EXERCISE DESCRIPTION
One part of the entries below is wanted: the lines from the one containing "cutepetitee online show" through the one containing "Silver Women's Fitflop". Write those out exactly and nothing else.
===== RECORDS SHOWN =====
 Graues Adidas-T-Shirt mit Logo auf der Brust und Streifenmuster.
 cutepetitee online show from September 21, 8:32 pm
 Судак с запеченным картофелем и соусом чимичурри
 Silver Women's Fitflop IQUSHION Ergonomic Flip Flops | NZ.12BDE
=====
===== RECORDS SHOWN =====
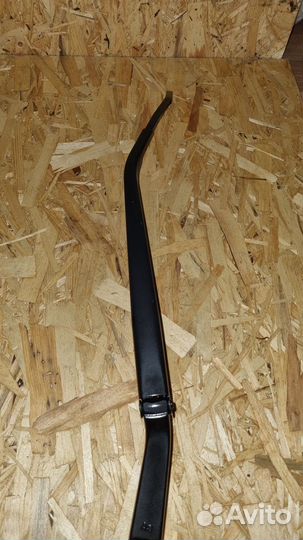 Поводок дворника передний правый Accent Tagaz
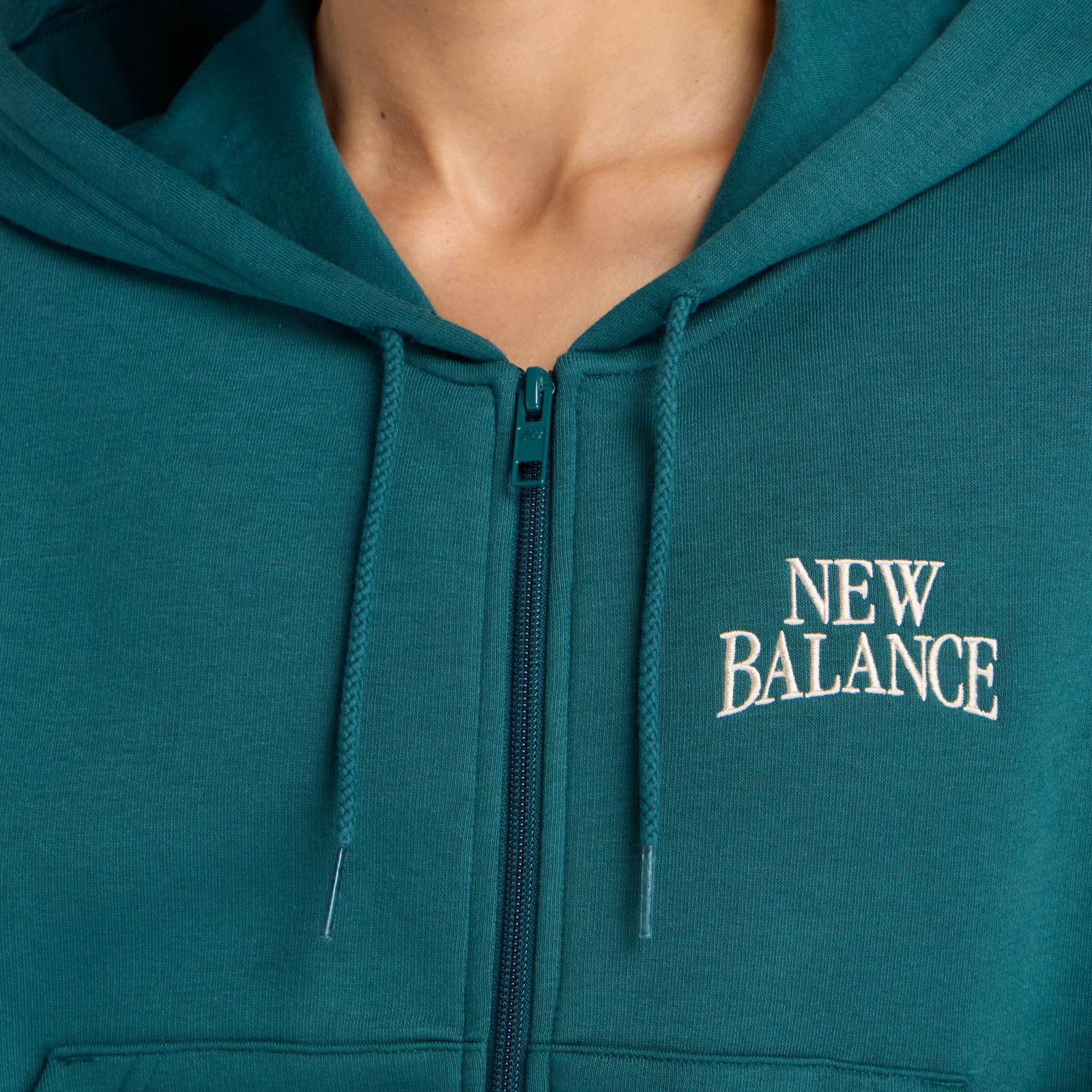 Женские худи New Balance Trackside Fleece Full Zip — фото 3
=====
ANSWER
 cutepetitee online show from September 21, 8:32 pm
 Судак с запеченным картофелем и соусом чимичурри
 Silver Women's Fitflop IQUSHION Ergonomic Flip Flops | NZ.12BDE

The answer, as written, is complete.